### STUDY MATERIAL
--------------------------------------------------
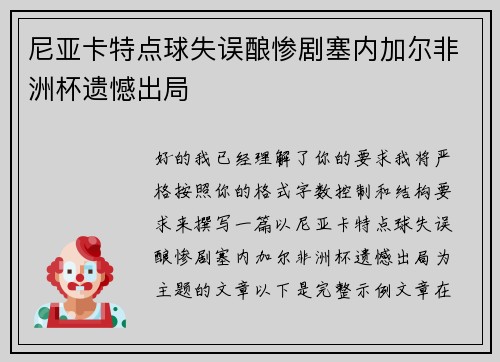 尼亚卡特点球失误酿惨剧塞内加尔非洲杯遗憾出局 尼亚卡特点球失误酿惨剧塞内加尔非洲杯遗憾出局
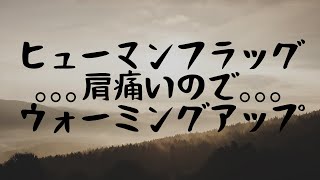 ヒューマンフラッグ講座 ウォーミングアップ的な基礎トレーニング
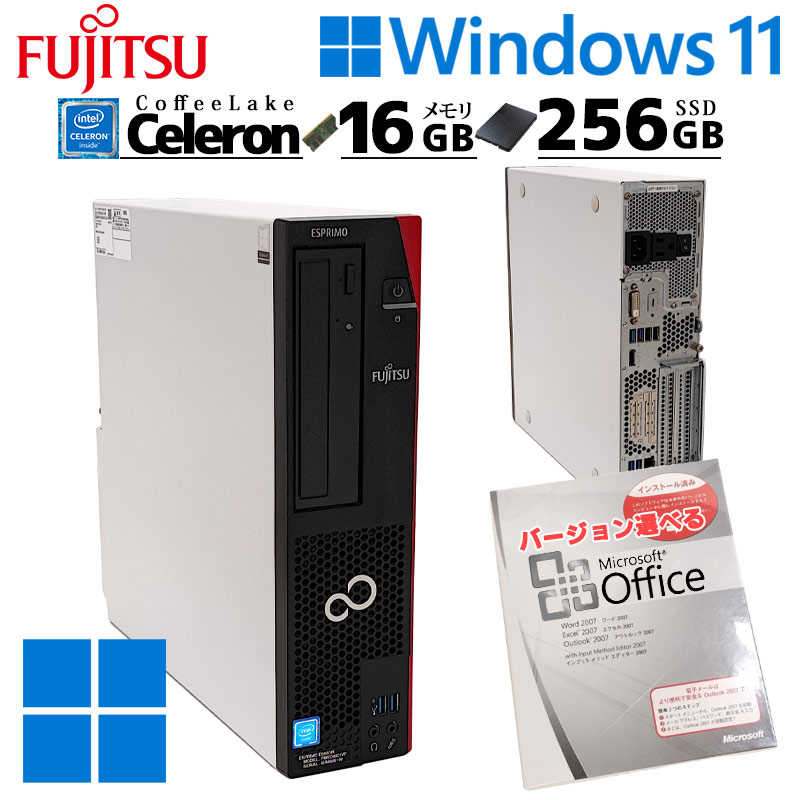 楽天市場】大容量メモリ16GB 中古デスクトップ 富士通 ESPRIMO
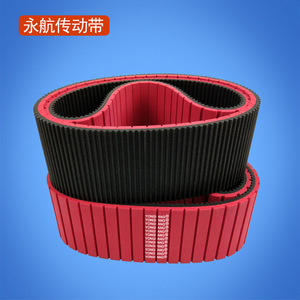 Yonghang Synchronous <b>Belt</b> <b>Red</b> Rubber Wear Resistant For Paper Feeding Equipment - Product Image 3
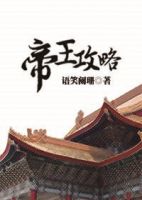 《帝王攻略》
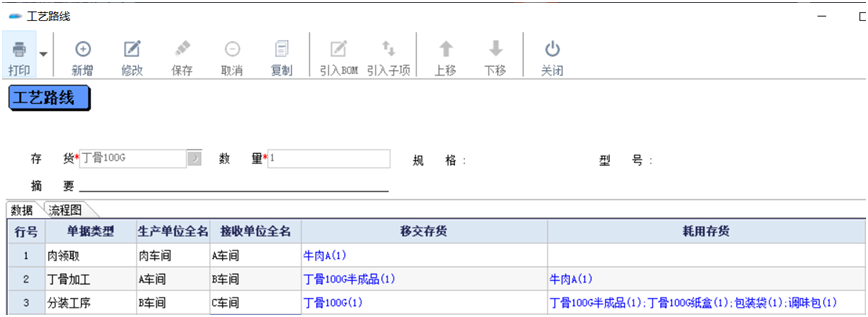 阜陽軟件公司，阜陽管家婆軟件，阜陽軟件，阜陽進銷存軟件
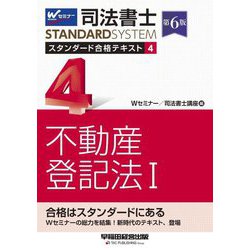 司法書士スタンダード合格テキスト〈4〉不動産登記法1 第6版 (司法書士スタンダードシステム) [全集叢書]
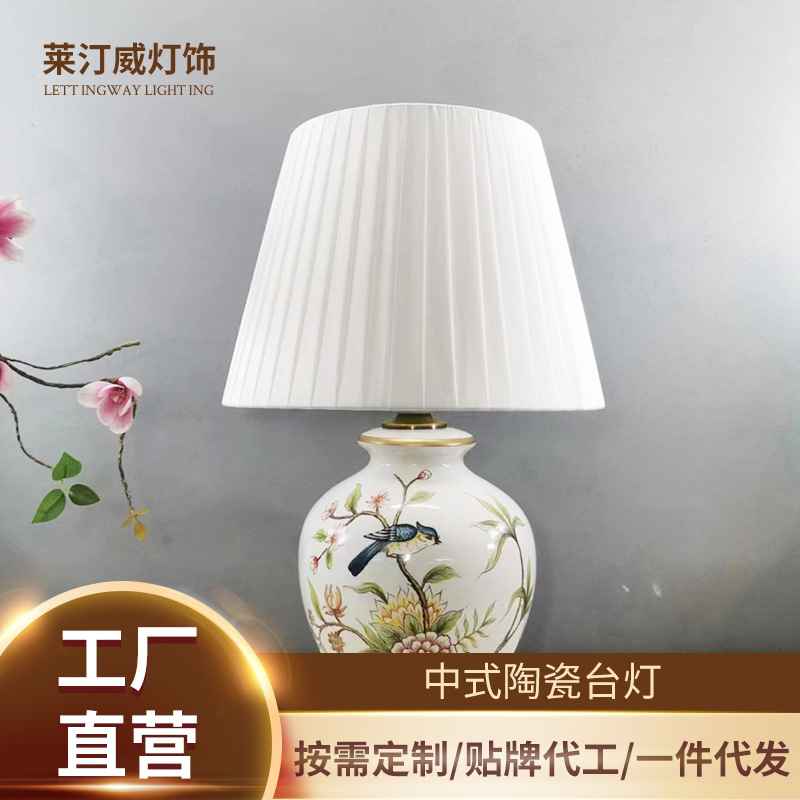 American flower and bird ceramic table lamp hotel model room bedroom bedside lamp designer creative living room decorative lamps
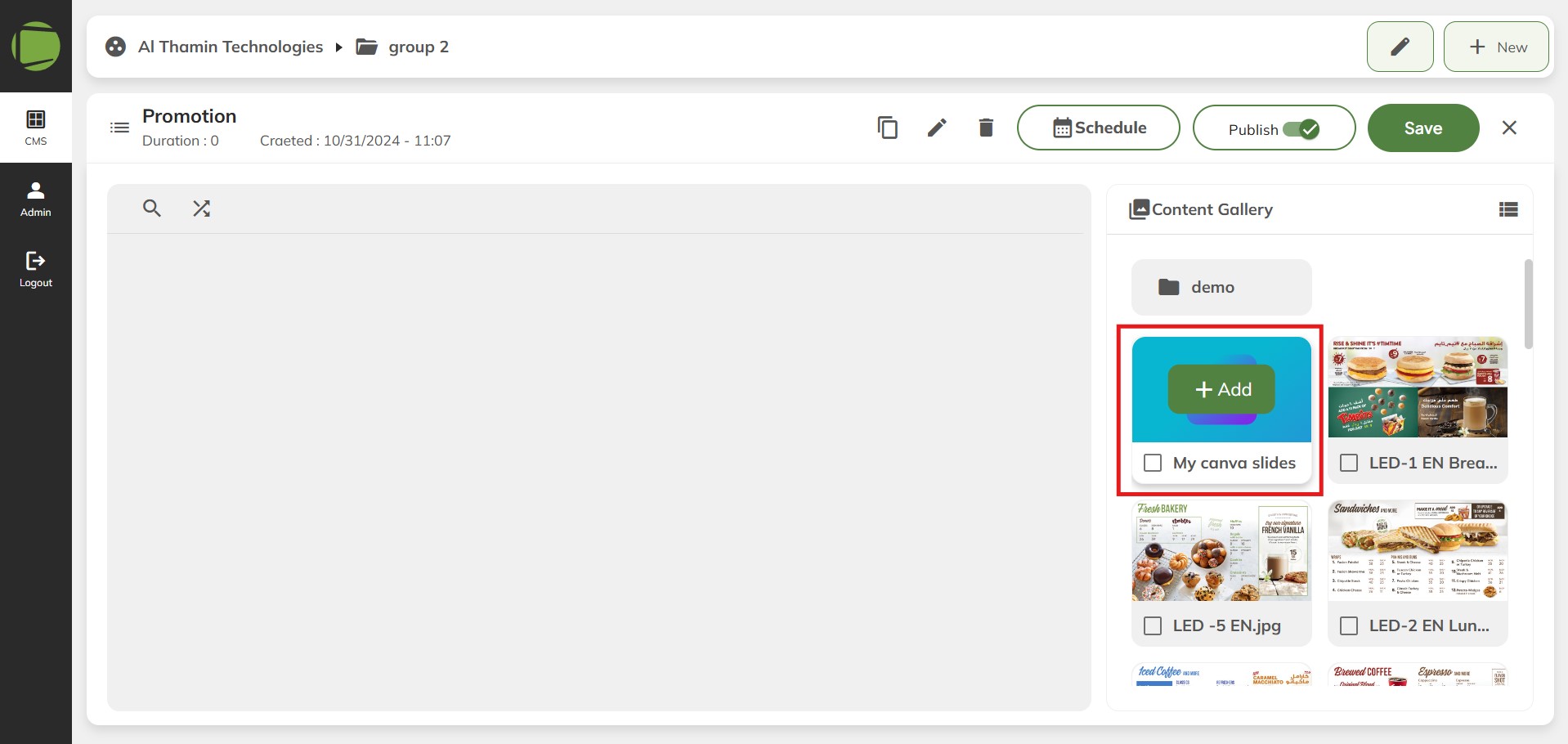 canva_app_playlist_select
--------------------------------------------------
### YOUR INSTRUCTIONS
Reproduce the data above without a single change, please, but without its pictures.

### SOLUTION FOR THIS PROBLEM
 尼亚卡特点球失误酿惨剧塞内加尔非洲杯遗憾出局 尼亚卡特点球失误酿惨剧塞内加尔非洲杯遗憾出局
 ヒューマンフラッグ講座 ウォーミングアップ的な基礎トレーニング
 楽天市場】大容量メモリ16GB 中古デスクトップ 富士通 ESPRIMO
 Yonghang Synchronous <b>Belt</b> <b>Red</b> Rubber Wear Resistant For Paper Feeding Equipment - Product Image 3
 《帝王攻略》
 阜陽軟件公司，阜陽管家婆軟件，阜陽軟件，阜陽進銷存軟件
 司法書士スタンダード合格テキスト〈4〉不動産登記法1 第6版 (司法書士スタンダードシステム) [全集叢書]
 American flower and bird ceramic table lamp hotel model room bedroom bedside lamp designer creative living room decorative lamps
 canva_app_playlist_select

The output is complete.